Note: I wrote this column last year and decided to tweak it, update it, and publish a new version for 2018. 

………………………………

We all know one of these guys:

“Born and raised in Marlton! But I’m a lifelong Cowboys fan because my dad knew Nate Newton’s cousin.”

“Love the star on the helmet! I used to watch Roger Staubach on television back in 1974.”

“Well I grew up in Iowa, but we didn’t have a team, so I picked the Cowboys.”

These are all valid reasons to be a Dallas fan, according to Dallas fans. None of them involve being from Texas or ever having visited. “America’s Team” welcomes all front-runners and fakes.

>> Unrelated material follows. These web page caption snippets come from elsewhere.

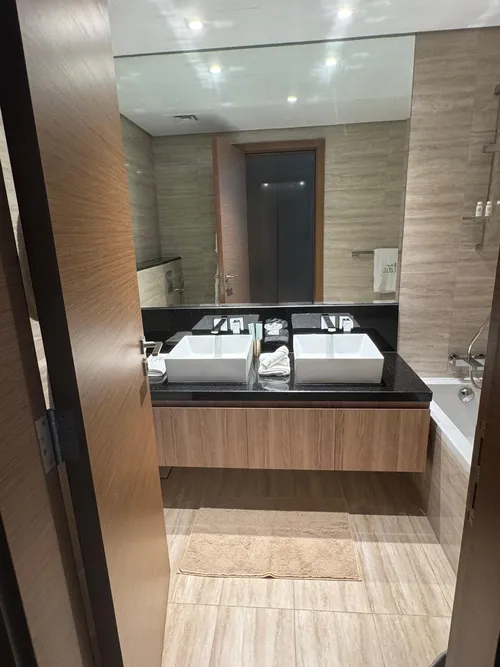 2 Bedrooms Apartment in Urban Oasis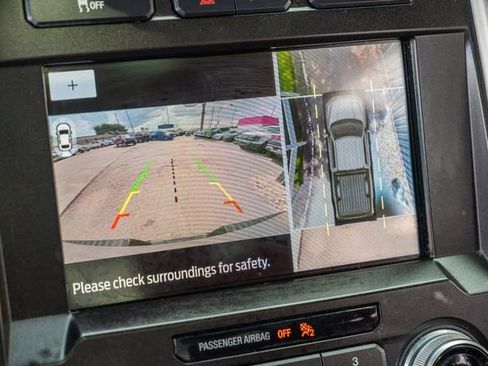 Used 2018 Ford F150 Platinum w/ Equipment Group 701A Luxury image 29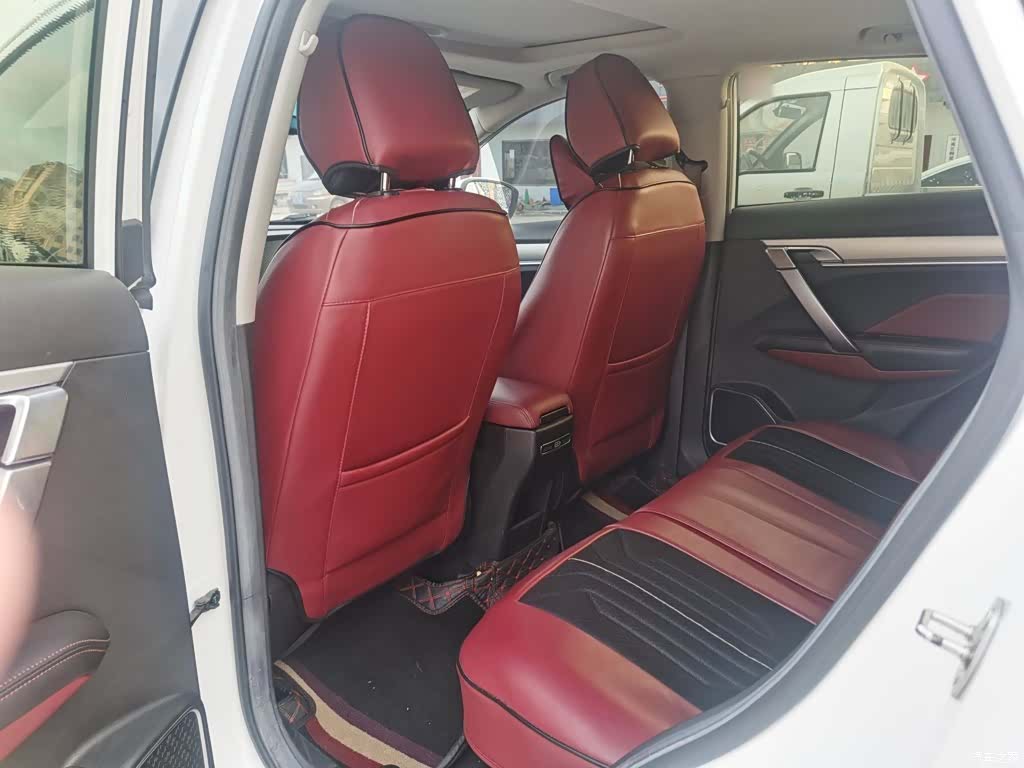 Geely Coolray, 2021 13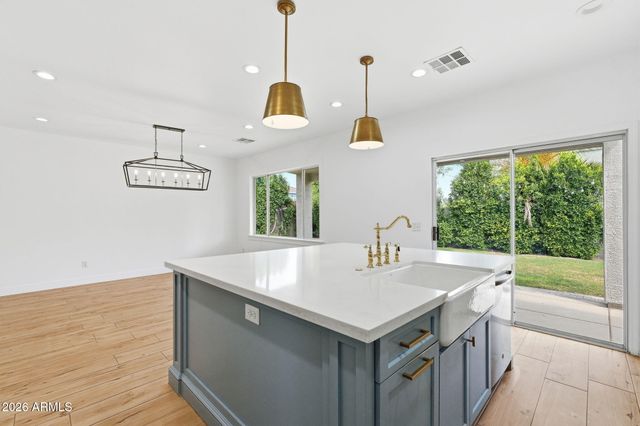 2634 E DEL RIO Street, Gilbert, AZ 85295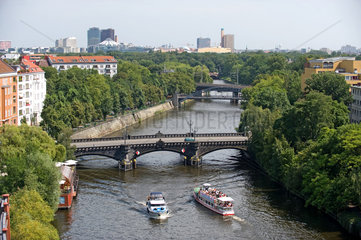 Berlin  Deutschland  Boote auf der Spree am Spreebogen in Moabit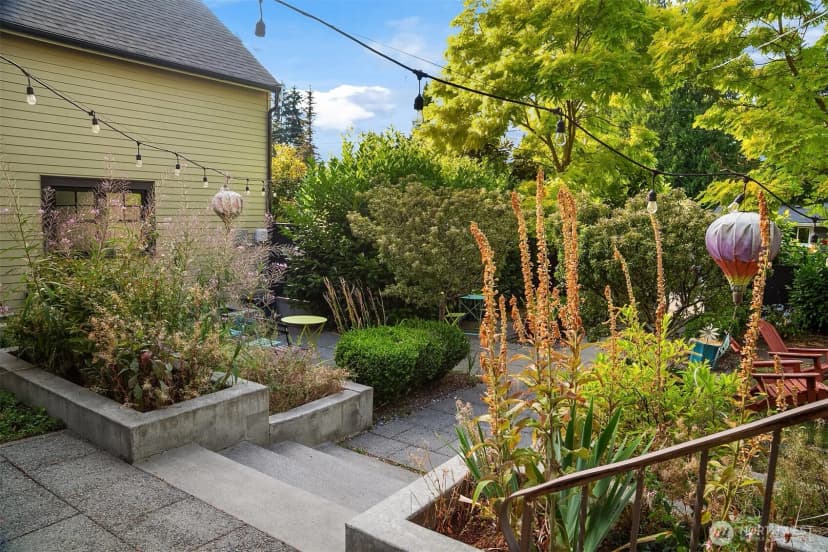 Property photo for 1060 Spruce Street, Edmonds photo 32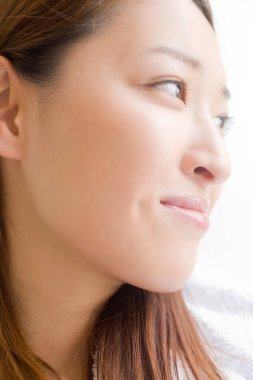 gülümseyen Asyalı genç kadının portresini yakından çek.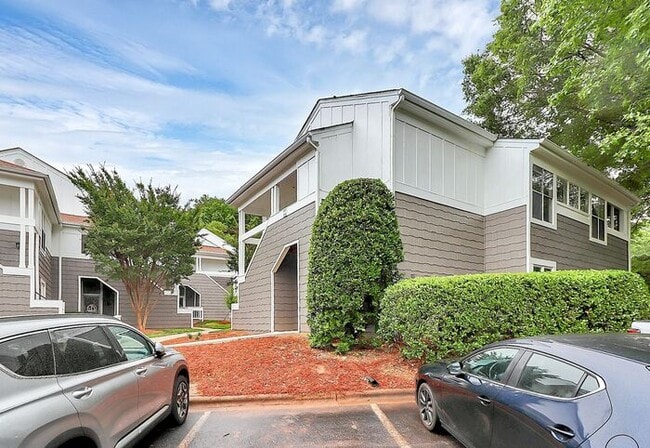 Bright 2BD/2BA Tennis Villa at Lake Norman!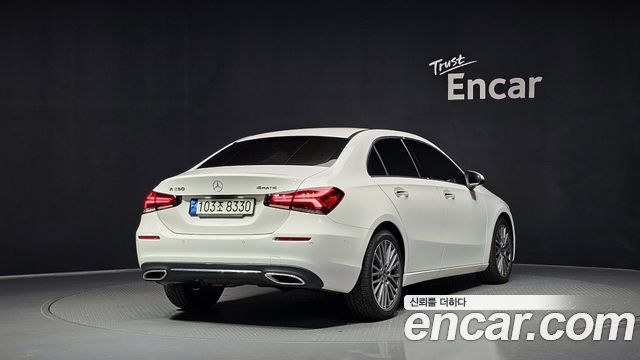 Mercedes-Benz A-Class W177 A250 4MATIC Sedan - фото 1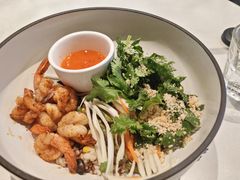 泰式大虾泰碗配辣味青柠水-Wagas沃歌斯(汇智店)
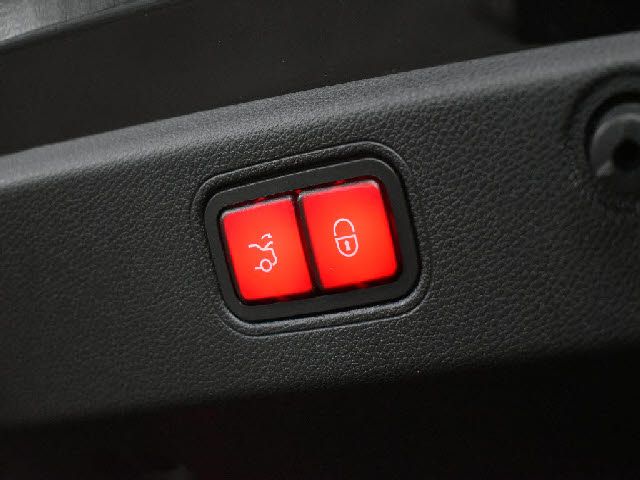 MERCEDES BENZ CLS CL 2018 Image 31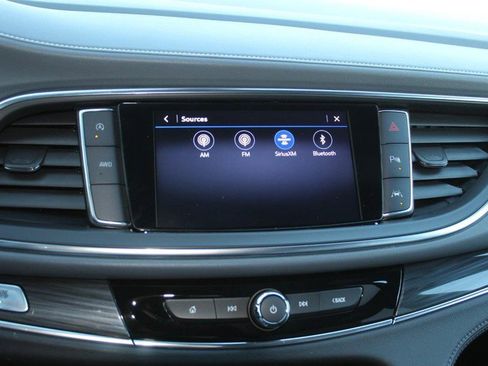 Used 2023 Buick Enclave Essence image 34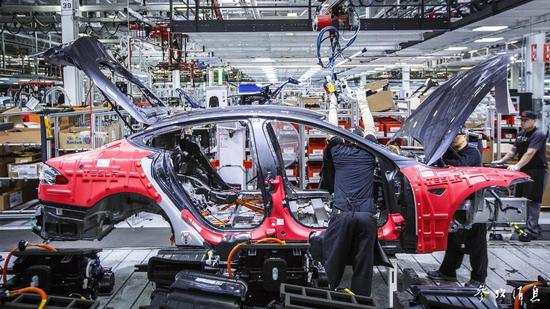 (特斯拉Model 3工厂。)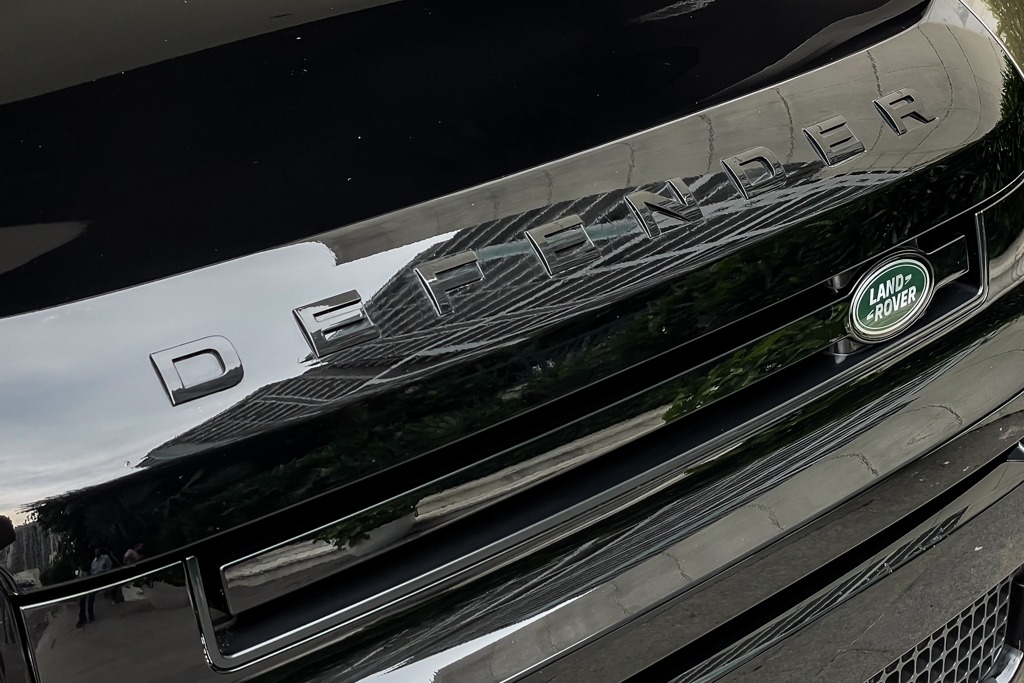 2023 LAND ROVER DEFENDER X DYNAMIC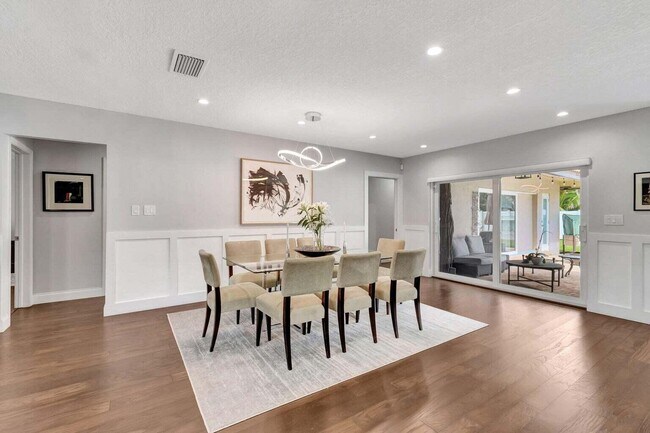 Building Photo - 5660 Golfway Dr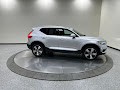 2019 Volvo XC40 Momentum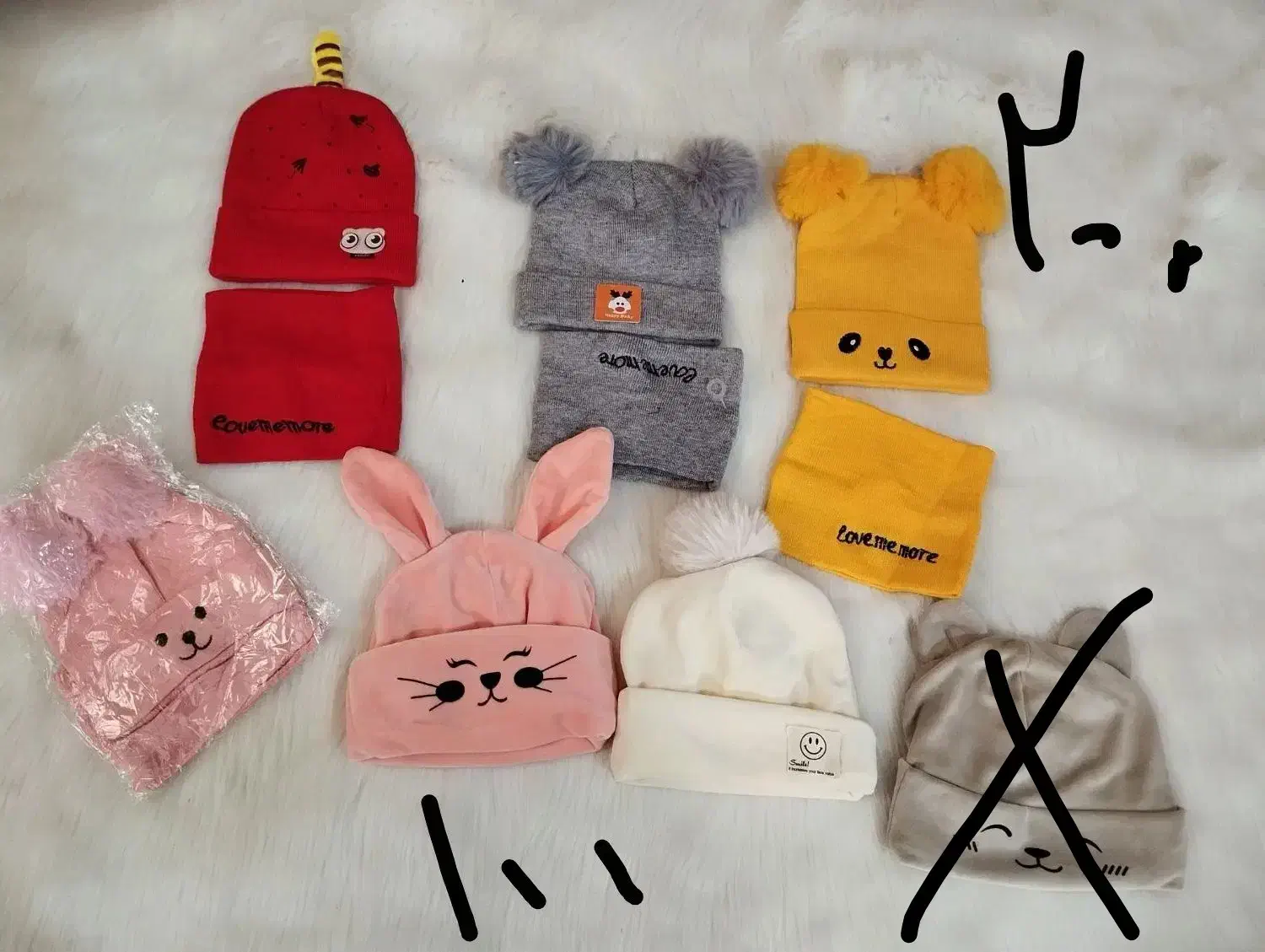 تعدادی دستکش شال کلاه بچه گانه|کفش و لباس بچه|قرچک, زیبا شهر|دیوار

This topic comes up every season. Eagles vs. Cowboys. It’s Dallas week on sports talk radio and disgusting locals crawl out their garbage pits to explain how they grew up in Northeast Philadelphia but support a 3-5 football team that hasn’t won diddly poo since the 1990s and is now being run into the ground by an owner who clings to the past and holds nobody accountable. The Cowboys “ain’t been nothing” for years, as Stephen A Smith recently said, yet you still have all of these bandwagon jabronies clinging to Dallas as if Troy Aikman is still out there slinging the ball around.

Philly is old-school and parochial. You grow up here, you support Philly teams. Eagles games are a family affair. You build memories through tangible experiences, like actually physically being inside of Veterans Stadium or meeting your favorite player after the game. You understand the city’s blue collar, non-cosmopolitan roots and why sport is a common thread. The third-shift factory worker who I saw puking outside of Les and Doreen’s in Fishtown last week  might not have much in common with Rand Spear, the accident lawyer, but both were probably standing somewhere on Broad Street nine months ago, watching the Birds’ celebrate their first Super Bowl win.

The reasons really aren’t important. It just is how it is. You probably know someone who has vacationed in Sea Isle City for 35 years. It’s not necessarily that they dislike Stone Harbor, they just go to Sea Isle because that’s where they’ve always gone. They’re comfortable and familiar with it, and they don’t see a need to change anything. This intrinsically Philadelphian behavior can be both good and bad, because we’re loyal and committed while not exactly diving head-first into new experiences or getting out to see the rest of the world.

I’d honestly say it’s less about how “legitimate” our fandom is. It’s more about how fraudulent others are.

If you grew up here, you don’t have an emotional or geographical link to the Cowboys, the Yankees, or Notre Dame. You just don’t. And don’t tell me that you supported the Irish because you’re an Irish Catholic; you supported them because they won football games and they were always on national television. Are Pennsylvania Methodists beaming with SMU pride? Didn’t think so.

Can you develop a connection to a foreign team over time? I don’t know. I guess. If your favorite college player of all time is drafted by the Raiders, maybe you add Oakland as a second team. I went to high school with Jimmy Develin, who won a couple of Super Bowls with the Patriots, so I was at least pulling for him to be successful even if I didn’t want the hoodie to lay his grimy hands on another Lombardi Trophy.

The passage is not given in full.